To forecast the sales of a product $j(1\leqslant j\leqslant N)$ , we need to first forecast the sales of each retailer $v$ of the similar product $j$ .

$\displaystyle\hat{y}_{T+h}^{j,v}=f_{1}(X_{T}^{j,v},\theta)=f_{1}(x_{1}^{j,v},x% _{2}^{j,v},\ldots,x_{T}^{j,v},\theta)$ (3)

Then, we forecast each retailers sale of product $i$ according to the retailers sales of similar products.

$\displaystyle\hat{y}_{T+h}^{i,v}=f_{2}(\hat{y}_{T+h}^{L_{i,1},v},\hat{y}_{T+h}% ^{L_{i,2},v},\ldots,\hat{y}_{T+h}^{L_{i,k},v})$ (4)

The final step is to calculate the forecasted value of product $i$ by merging the result.

$\displaystyle y_{T+h}^{i}=\sum_{v=1}^{V}\hat{y}_{T+h}^{i,v}$ (5)
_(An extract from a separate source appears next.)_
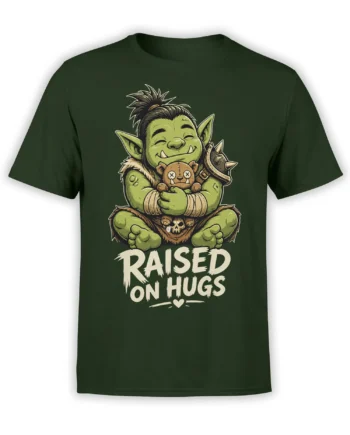 Dark green shirt with a smiling green goblin hugging a stitched teddy bear and “RAISED ON HUGS” text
Figure 1 shows the framework of S-SF method. It is made up of three modules: similarity module, learning module, and forecasting module. The similarity module mainly deals with two types of calculations, time series similarity calculation and text similarity calculation. The calculation results are combined to generate top-k similar products, which will be taken as the input to the second module. In the learning module, an improved ConvLSTM model is built, and Prophet model is integrated into it to perform prediction operations for k similar products. Finally, in the forecasting module, alignment and scaling processing are performed according to the prediction results of similar products.

We consider the similarity between products in three ways. The first is about the sales trend, which is a comparison of time series data. The second is about the sales of different retailers and the third is about the attributes of products. Among them, the latter two are non-sequential data comparisons. After comparing multiple types of similarity, we will select the most similar products and then use machine learning to forecast for these similar products. Finally, the forecasting value of the product will be determined by these similar products. Method S-SF addresses the problem of sales forecasting for two different product categories. The first category of products has a long sales time and rich historical data. Generally, mature products are those that have more than 1 year of sales data, and are still in sale in recent months. The second category of products has a short sales time and a small amount of sales data. In this paper, new products are those that are sold in the market for less than 1 year. For new products, they have less sales data, poor market stability, and are extremely difficult to forecast. Due to different forecasting backgrounds, an integrated machine learning model is considered in this paper.

Figure 1.

Framework of S-SF. It consists of three modules: similarity module, learning module, and forecasting module. The red box represents the target product to be forecasted.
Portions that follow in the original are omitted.